In light of this well-known effect, both the Delphi and nominal group techniques constrain interaction with the aim of eliminating or moderating faulty interaction processes. Delphi (Dalkey, 1969, 1970) exercises elicit participants' judgments or opinions privately, summarizes these results while maintaining the anonymity of their source, and circulates the results to all team participants. Iterations of this procedure continue until individual positions stabilize (see Linstone and Turoff, 1975, for variations). This technique has enjoyed considerable popularity, especially in judgmental forecasting contexts. The nominal group technique also begins with the private elicitation of individual opinion, but members then meet for face-to-face exchanges of information; contributions are recorded and summarized by an outsider; members revise own opin-
ions in private; and contributions are combined mathematically to yield a team decision (see, e.g., Delbecq et al., 1975).
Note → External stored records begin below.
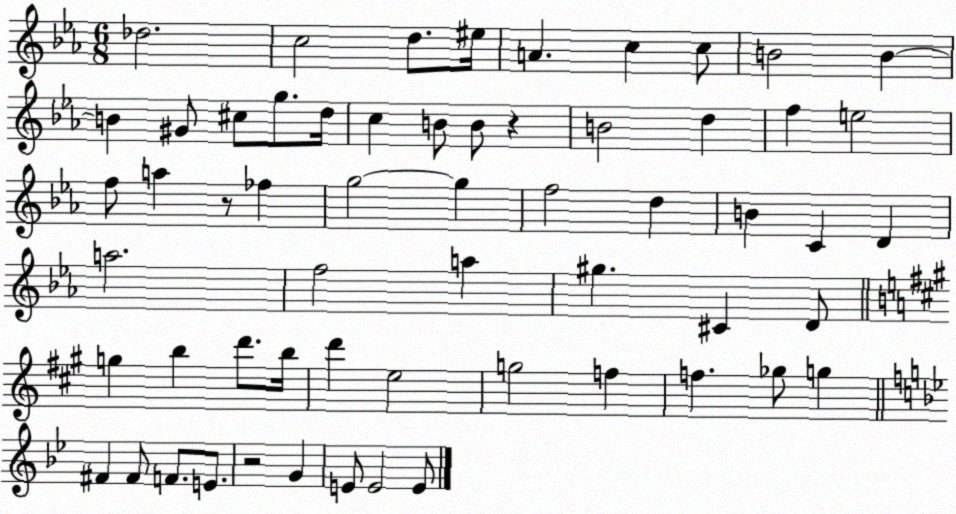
X:1
T:Untitled
M:6/8
L:1/4
K:Eb
_d2 c2 d/2 ^e/4 A c c/2 B2 B B ^G/2 ^c/2 g/2 d/4 c B/2 B/2 z B2 d f e2 f/2 a z/2 _f g2 g f2 d B C D a2 f2 a ^g ^C D/2 g b d'/2 b/4 d' e2 g2 f f _g/2 g ^F ^F/2 F/2 E/2 z2 G E/2 E2 E/2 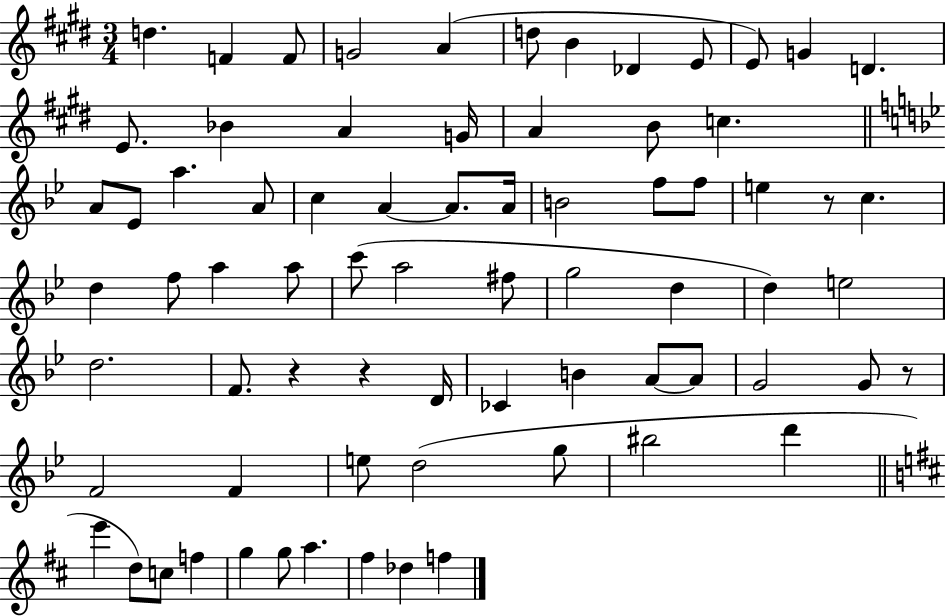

Despite the popularity of such techniques for enhancing team performance involving consensus decisions, surprisingly little valuative research has been carried out to determine their effectiveness. However, the evidence to date on team performance accuracy enhancement is not encouraging (e.g., Fischer, 1981; Rohrbaugh, 1979; Gough, 1975). McGrath (1984:75) concludes that “neither one does any better than the freely interacting groups, whose ‘deficient' processes these techniques were designed to improve.”
In summary, the attempts to enhance team performance by imposing procedural remedies for nonoptimal interpersonal processes on the path to consensus have met with negligible success. However, long-term training of teams has rarely been studied, and even ad hoc laboratory groups have not received the research and development attention that serious attempts to engineer enhancement techniques should receive. Although performance on many different tasks that commonly confront teams consistently falls below reasonable theoretical baselines, in principle performance increments could be established through better interpersonal procedures, including training over protracted periods of time.
Teams, of necessity, will continue to perform a variety of tasks within organizations of all kinds. Unfortunately, the research and development programs committed to team performance enhancement are infrequent. An intuitively attractive explanation for the modest investment in the engineering of optimal procedures and interpersonal processes, as well as the training of individual team members, is that conventional wisdom and common sense, on the face of it, seem to provide such reasonable guidance. Unfortunately, however, the research evidence to date contradicts much of that apparent wisdom.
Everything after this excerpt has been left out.